Alors qu’en Guinée le pays est presque en crise avec la volonté du Président Alpha Condé de briguer un troisième mandat. Au Sénégal, des hommes proches du Chef de l’Etat ont relancé le débat cette semaine, créant un véritable imbroglio
Le président Sénégalais, Macky Sall, a célébré en février l’an 1 de sa réélection après un mandat de sept ans qui avait pollué ce paisible pays connu pour sa tradition démocratique avec deux alternances réussies. En effet, lors de la campagne électorale en 2012, face à Me Abdoulaye Wade, Sall avait fait la promesse de réduire son mandat de sept ans à cinq ans. La suite, on la connait…
Deux poids, deux mesures
A peine réélu pour un second mandat, l’idée d’un troisième mandat avait été agitée par quelques éléments de son parti. «Je pense que la Constitution est assez claire. En principe, c’est le deuxième et dernier mandat du chef de l’État». C’était la réponse servie par l’ancien ministre de la Justice, Ismael Madior Fall à une question sur un éventuel troisième mandat de Macky Sall. Une question à laquelle la réponse apportée par le ministre de la Justice avait fini d’installer le doute dans la tête de certains Sénégalais. Une volonté vite noyée par les différentes déclarations antérieures du président Sall qui disait ouvertement être contre l’idée d’un troisième mandat. Le temps selon lui était au travail, invitant les éléments de son parti à ne plus se prononcer sur ce sujet. Le premier à subir le sabre du président Sall fut l’ancien Directeur des Sénégalais de l’Extérieur Sory Kaba qui avait clairement indiqué que le président Macky Sall entamait son dernier mandat puisque la Constitution lui interdit d’en briguer un autre. Il fut démis dans les minutes qui ont suivi sa déclaration avant que l’ancien ministre – conseiller, Moustapha Diakhaté, subisse le même sort. Depuis lors, les éléments du parti au pouvoir faisaient dans la prudence, fuyant les questions des journalistes sur cette brûlante question qui semble indisposer le président sénégalais. Interrogé par la presse après son discours du nouvel. Sa réponse du ni oui ni non ne dissipa pas les doutes et le débat sur cette question ne cessa point. « Si je dis que je ne serais pas candidat, les membres du gouvernement ne vont plus travailler, chacun va essayer de se positionner. Si je dis que je serai candidat, une vive polémique va s’ensuivre », avait d’ailleurs assuré Macky Sall devant les médias, rappelant qu’il n’avait pas de dauphin désigné.

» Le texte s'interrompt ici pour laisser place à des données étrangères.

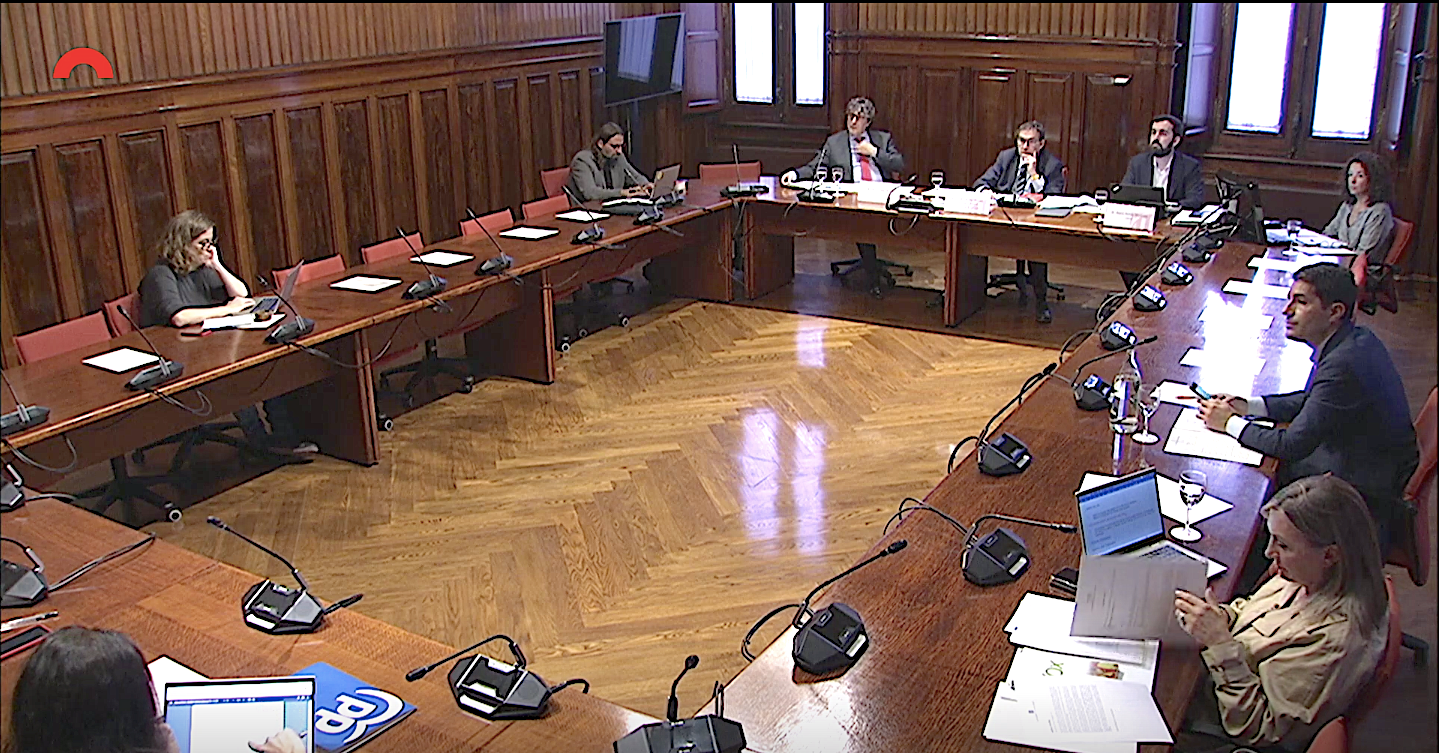 La Comissió de l'Estatut dels Diputats, reunida per parlar del cas Dalmases / Canal Parlament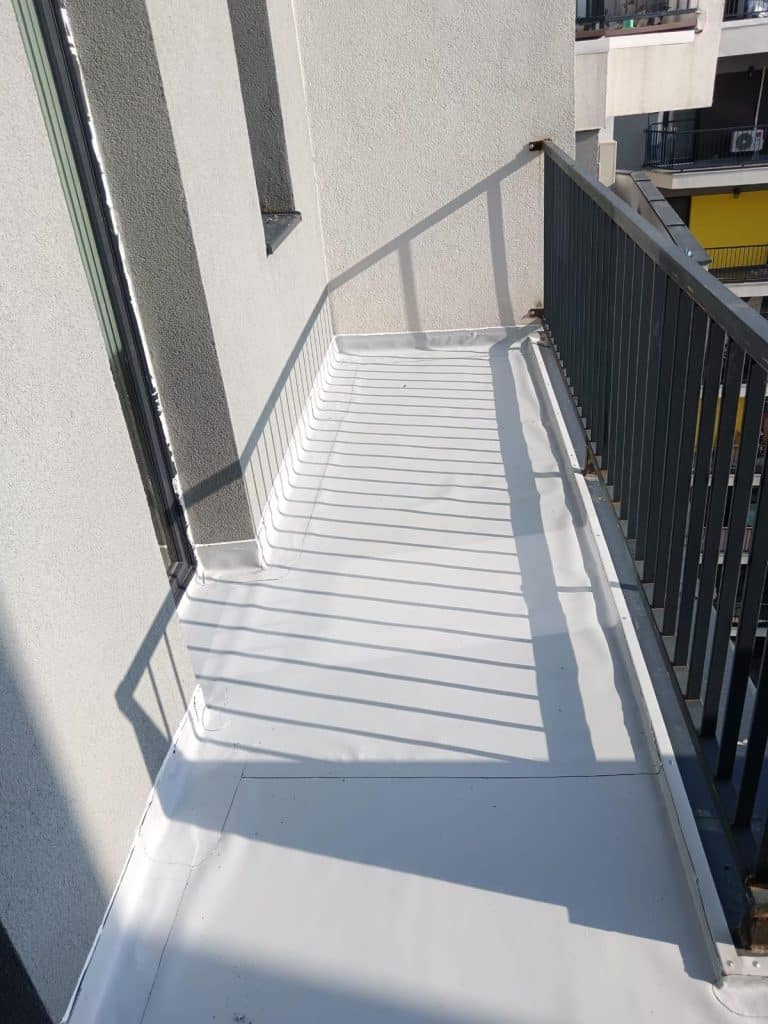 Hidroizolatie terasa cu membrana PVC 1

La semaine dernière, l’ancien Premier ministre et actuel Secrétaire général de la présidence de la République, Mahammad Boun Abdallah Dionne, s’interrogeait sur la pertinence de la limitation du mandat présidentiel. Un ballon de sonde ? Nul ne sait. Toujours est- il que , invité par une télévision de la place dans un débat en wolof ( une des langues usitées du pays) son ancien ministre de l’Intérieur et actuel ministre d’Etat et Directeur des structures du parti au pouvoir, M. Mbaye Ndiaye, se fit plus précis que l’ancien Premier ministre. Il déclara péremptoire que Sall a le droit de se représenter en 2024, puisqu’en vertu de la révision constitutionnelle de 2016, il est à son premier mandat de cinq ans et il a la possibilité de briguer un autre de cinq ans.
Poignées de mains Macky Sall et Idrissa Seck
Et plutôt que d’être sanctionnés comme ceux qui avaient émis l’idée que le président Sall était à son dernier mandat, les deux hommes sont toujours en fonction.
En plus de ce front autour d’un troisième mandat, un autre est ouvert à l’intérieur même du parti au pouvoir où des hommes proches de la Première Dame, Marième Faye Sall, accusent certains éléments d’avoir des ambitions cachées. Et cette semaine, ils ont été plus précis en désignant l’ancien Premier ministre et actuelle Présidente du Conseil Economique Social et Environnemental, Mme Mimi Touré, et l’ancien patron du ministère des Finances et actuel ministre des Affaires étrangères, Amadou Ba. Dans ce jeu de relance pour un troisième mandat, il est bizarre que l’opposition ne se soit pas prononcé, laissant le débat en cours dans les réseaux sociaux.
La semaine dernière, la poignée de mains entre le Président Sall et Idrissa Seck, considéré comme le chef de l’opposition, avait alimenté les débat traçant les lignes d’une éventuelle réconciliation entre les deux hommes. Mais en politique, ce ne sont pas des poignées de mains qui créent des rapprochements. Alors donc que ça bruit l’idée d’un troisième mandat, la rue gronde et hurle pour la libération de Guy Marius, le leader du groupuscule France dégage Sagna en prison depuis trois mois. Il a été arrêté devant les grilles du palais présidentiel pour « rassemblement non autorisé » contre la hausse du prix de l’électricité.
Mais l’impression qui se dégage autour de cet imbroglio autour du 3ème mandat est que l’actuel régime n’a rien retenu de l’histoire toute récente de ce pays. Me Abdoulaye Wade, le prédécesseur de Sall était convaincu que les manifestations contre un troisième mandat n’aboutiraient à rien, « une brise est un vent léger qui secoue peut être les feuilles des arbres, mais ne sera jamais un ouragan », professait-il. La suite, on la connait.